ACTIVITY. Copy the material below verbatim from the line with "Contact us today" to the line with "We're going to", both lines included, omitting pictures and every line outside that range.

SUPPLIED RECORDS.
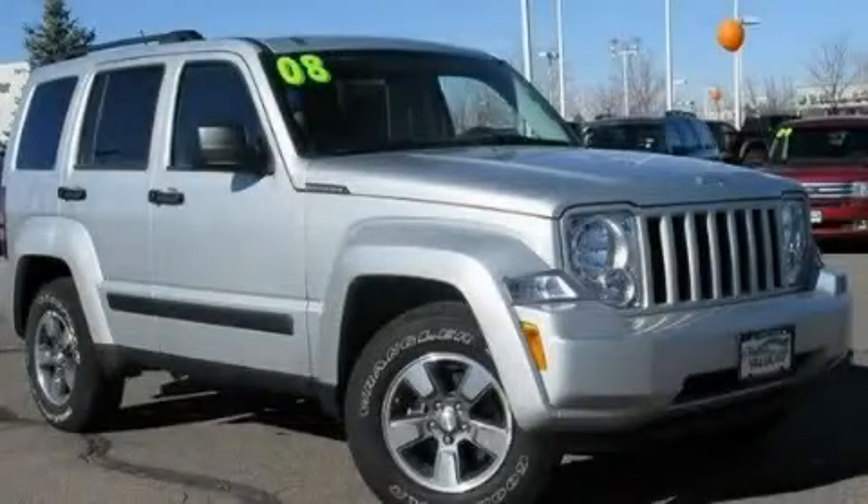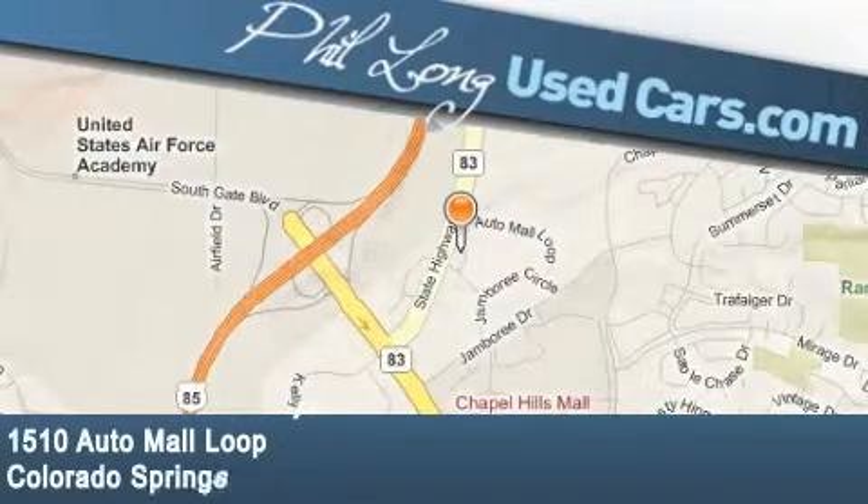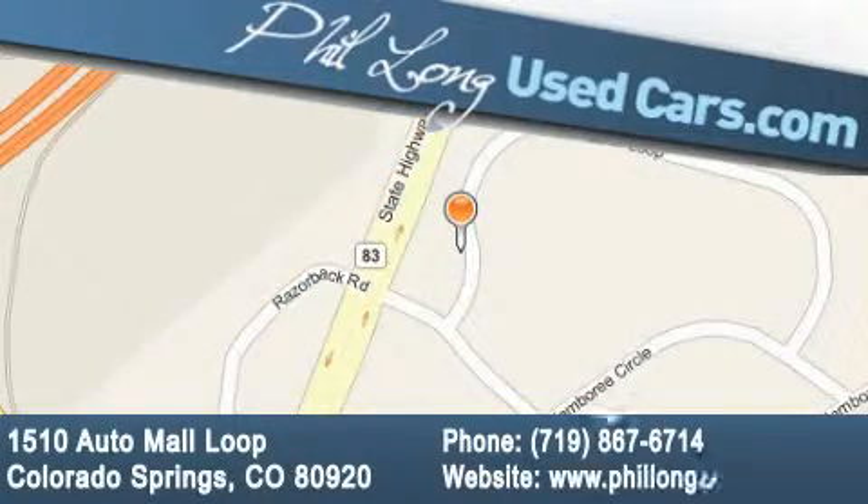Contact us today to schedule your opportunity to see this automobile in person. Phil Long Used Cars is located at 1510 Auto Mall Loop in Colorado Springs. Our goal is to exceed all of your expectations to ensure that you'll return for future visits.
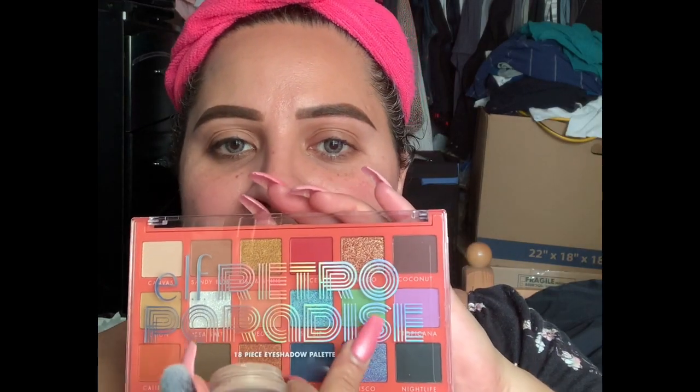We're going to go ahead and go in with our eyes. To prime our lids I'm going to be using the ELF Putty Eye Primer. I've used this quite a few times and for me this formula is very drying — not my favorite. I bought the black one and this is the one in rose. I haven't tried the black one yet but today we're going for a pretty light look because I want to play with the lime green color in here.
==
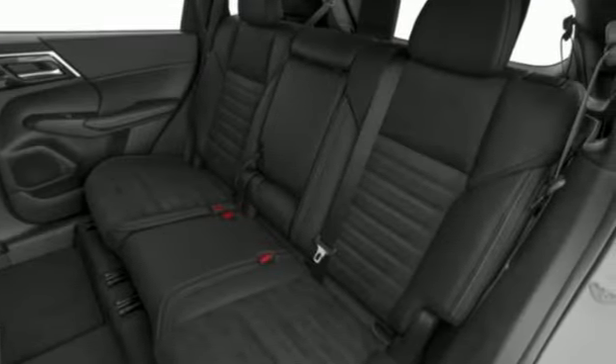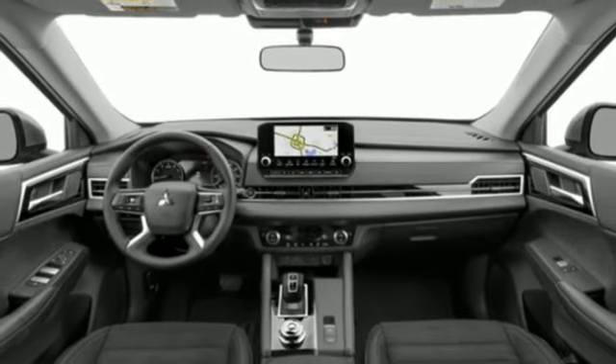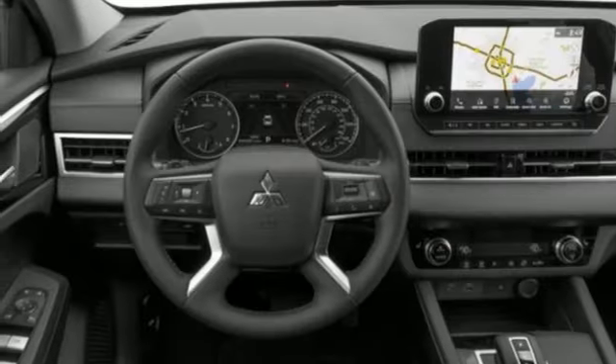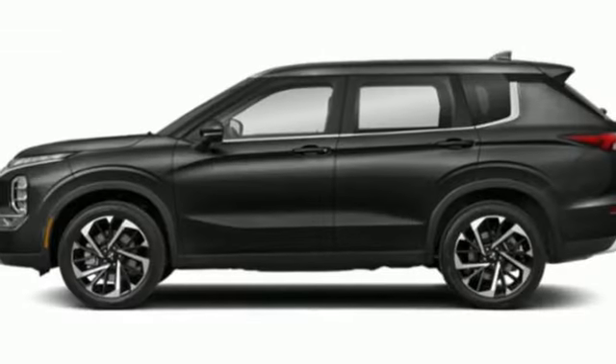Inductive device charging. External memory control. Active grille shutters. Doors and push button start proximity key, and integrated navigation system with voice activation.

EXERCISE OUTPUT.
Contact us today to schedule your opportunity to see this automobile in person. Phil Long Used Cars is located at 1510 Auto Mall Loop in Colorado Springs. Our goal is to exceed all of your expectations to ensure that you'll return for future visits.
We're going to go ahead and go in with our eyes. To prime our lids I'm going to be using the ELF Putty Eye Primer. I've used this quite a few times and for me this formula is very drying — not my favorite. I bought the black one and this is the one in rose. I haven't tried the black one yet but today we're going for a pretty light look because I want to play with the lime green color in here.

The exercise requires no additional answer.